The burial of former dictator Ferdinand Marcos at the Heroes’ Cemetery (Libingan ng mga Bayani — LNMB) was hurriedly and secretively carried out, with military-style logistical support.

Marcos ruled the Philippines from 1965 until he was overthrown in the Peoples Power EDSA Uprising of 1986. He died in exile in the US three years later.

On November 18, a military helicopter brought the body from Ilocos Norte, where the former dictator’s body was displayed in the Marcos Museum, to the LNMB. The marines and the police were mobilised to encircle the perimeter of the cemetery. They were placed on red alert.

The enabler was President Rodrigo Duterte. It was, all along, a state sponsored burial. Duterte ordered it, the Supreme Court authorised it. The burial was accompanied with a 21-gun salute and the pompous ceremony that accompanies an official burial.

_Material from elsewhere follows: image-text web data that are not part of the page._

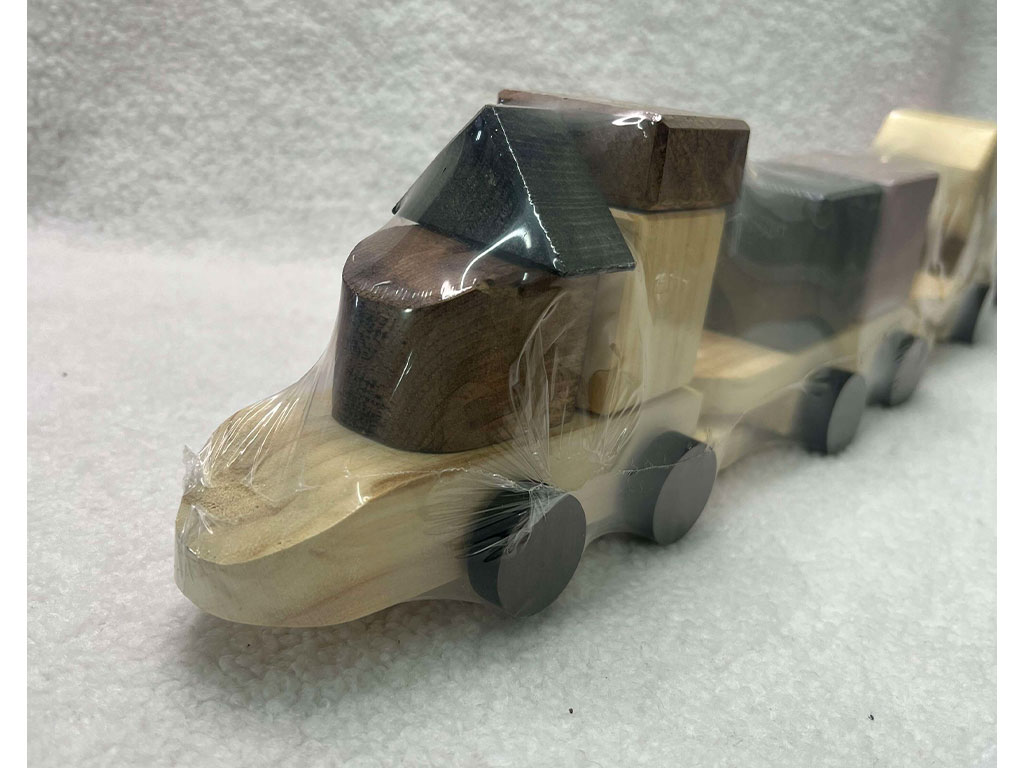 قطار چوبی اسباب بازی و دکوری اتاق کودک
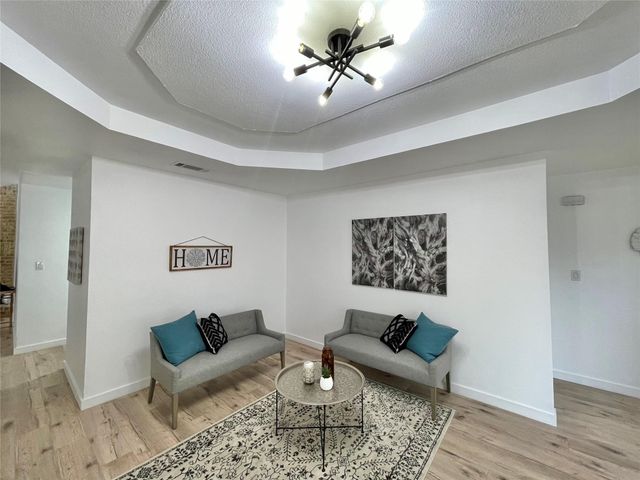 6201 Big Springs Drive, Arlington, TX 76001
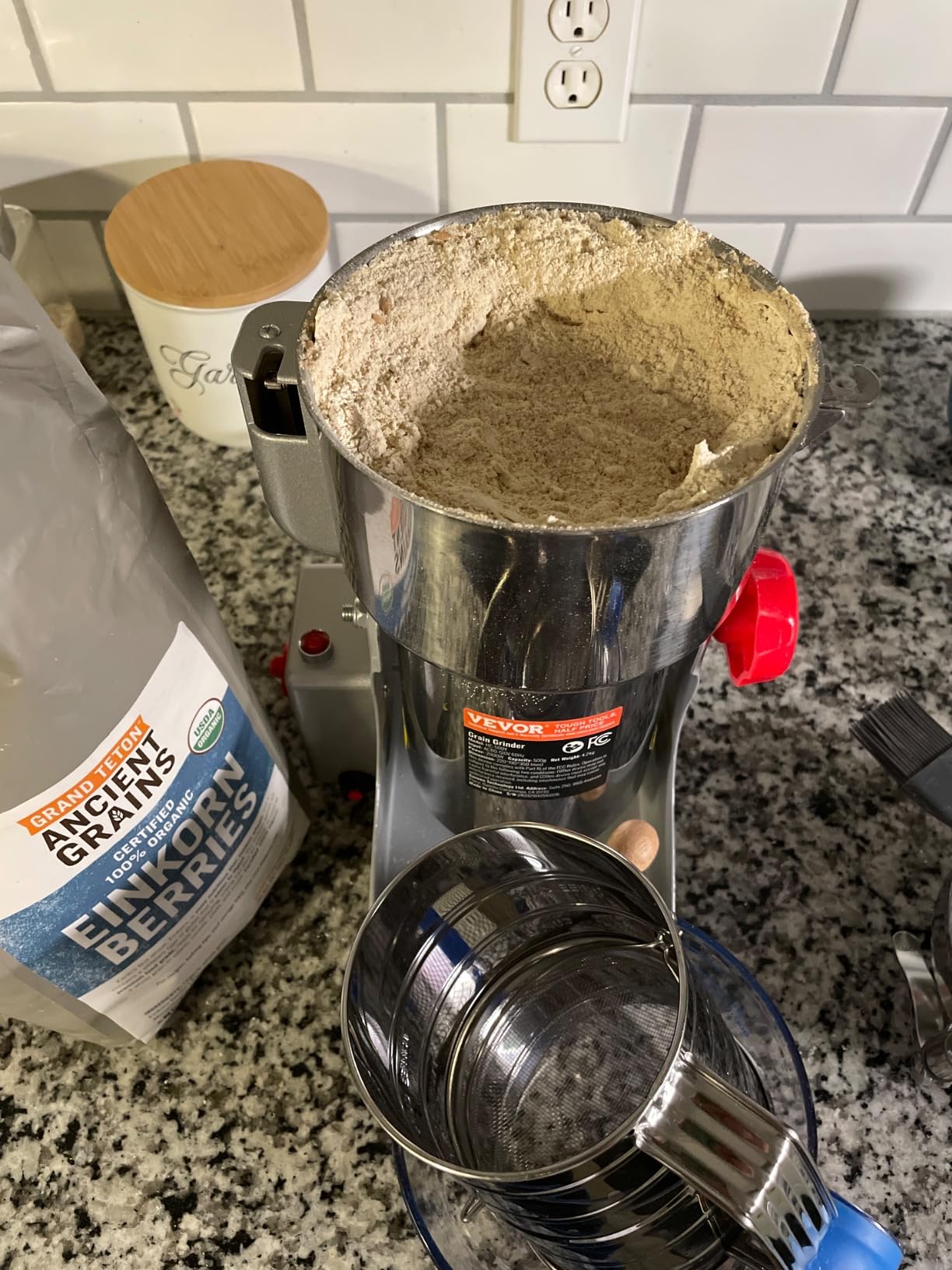 VEVOR 2500g Electric Grain Mill Grinder, High Speed 3400W Commercial Spice Grinders, Stainless Steel Pulverizer Powder Machine, for Dry Grains Spices Cereals Coffee Corn Pepper, Swing Type customer photo 1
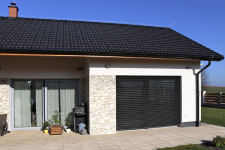 Pasivní domy potřebují stínění, a tedy nosný žaluziový a roletový překlad HELUZ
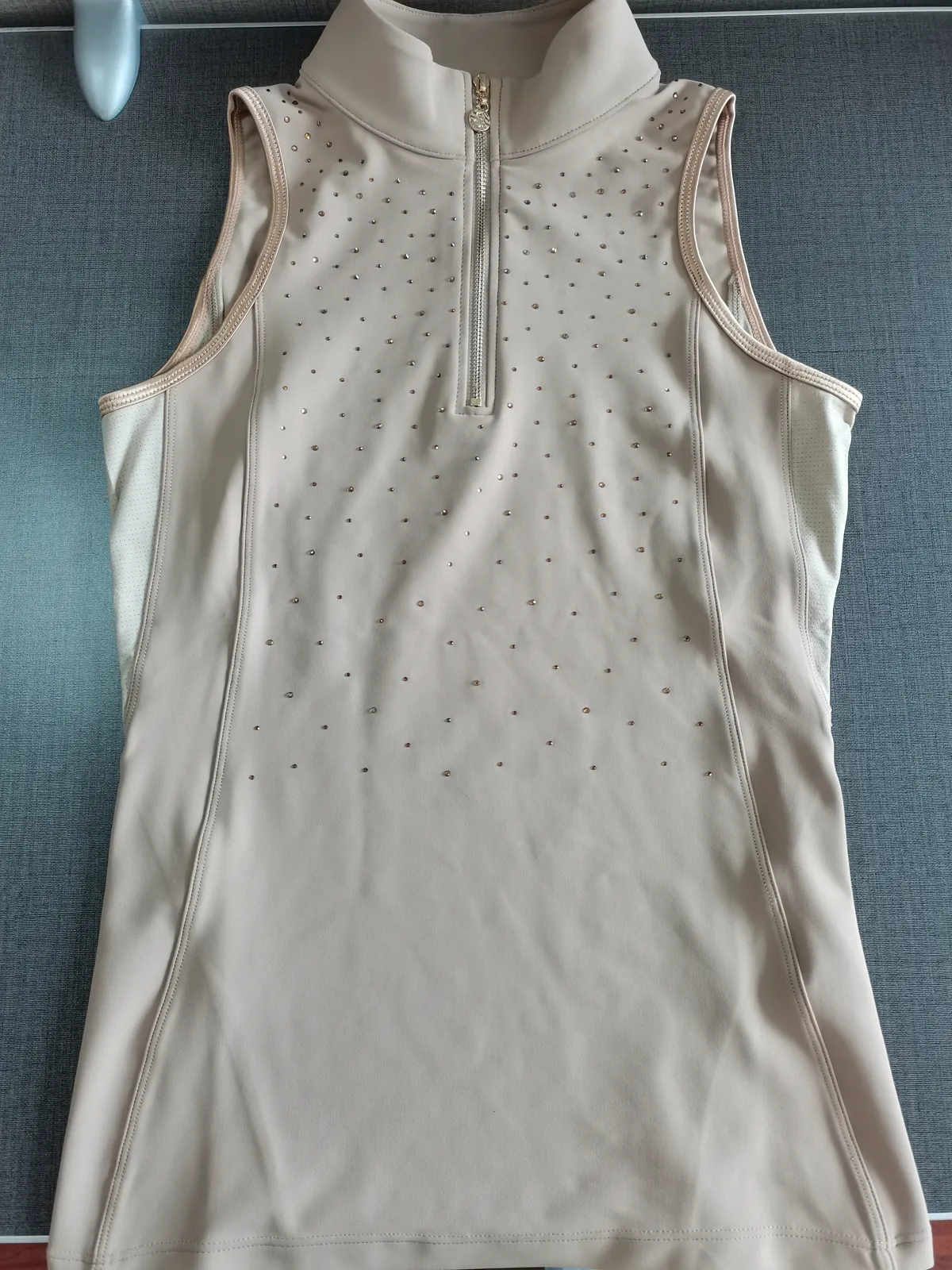 Helles ärmelloses Turniershirt mit Stehkragen, kurzem Reißverschluss und Strass, Vorderseite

The government may have thought that, given the dictator was overthrown 30 years ago, there would be only muted opposition. However, thousands, predominantly youth and university students, spontaneously walked out of class rooms and immediately took to the streets to protest the burial, sending the President a clear message that this is a miscalculation he will be made to regret.

A new generation took to the streets demonstrating that it would be the guardians of a history that was also proudly made by the generation of the “first quarter storm” — the student radicalisation that was the basis for an organised mass movement that led to the overthrow of the Marcos dictatorship.

The young protestors chanted the slogans of the martial law generation: “Makibaka, Huwag Matakot!” and “Marcos, Hitler, Diktador, Tuta!” They sang “Bayan Ko” — the Filipino revolutionary song that became an anthem of the opposition to the Marcos regime. Most of them do not belong to any radical organisation. They are students of history. A history that cannot be covered up — a product of the continuing organisation and education by the martial law generation.

Significantly, the young people also sense history in the making — the climate of fear leading to martial law, of more repressions and another dictatorship. A new generation has signalled that it will not stand by and watch this happen. They have sent a warning to the Duterte administration. They have now taken up the cudgel.

With the authority of these mass rallies they have declared that the protests will continue. They have put forward some demands, chanting “hukayin” – “dig up the body” and bury it where it belongs — in the dustbin of history.

Protesters rallied at the Peoples Power Monument, which commemorates the overthrow of Marcos, where they were addressed by speakers including leaders of the left-wing Partido Lakas ng Masa (PLM), which pledged to accompany the youth in this struggle and in the coming struggles under an administration that refuses to learn the lessons of history.

However, PLM Chairperson Sonny Melencio later cautioned those in the organised left against sectarianism.

“I think we should really handle the spontaneous participation of mostly young people in the anti-Marcos burial rally in a very careful way, devoid of drum-beating of any group and the lambasting of other groups,” he said.

“There’s a great number of non-aligned youth who participated in the protests and we don’t want them to be put off by any sectarian antic. Sectarianism is poison to a newly emerging movement.

“It’s one thing to disallow the trapos [traditional politicians] — whether in office or not in office — to take centre stage, but it’s another thing to block other mass organisations from participating.”

Referring to the centre-left Citizens Action Party (Akbayan), which supported the government of previous President Pinoy Aquino, Melencio said: “Let Akbayan be there, and let their ideas on how to move forward in the protest against the Marcos burial at LNMB be propagated, even if we may disagree with them.

“Let a hundred flowers bloom, let a hundred thoughts contend. Let the youth be unhindered, physically and mentally, in their fight for truth, justice, social liberation and freedom. Let the new movement emerge.”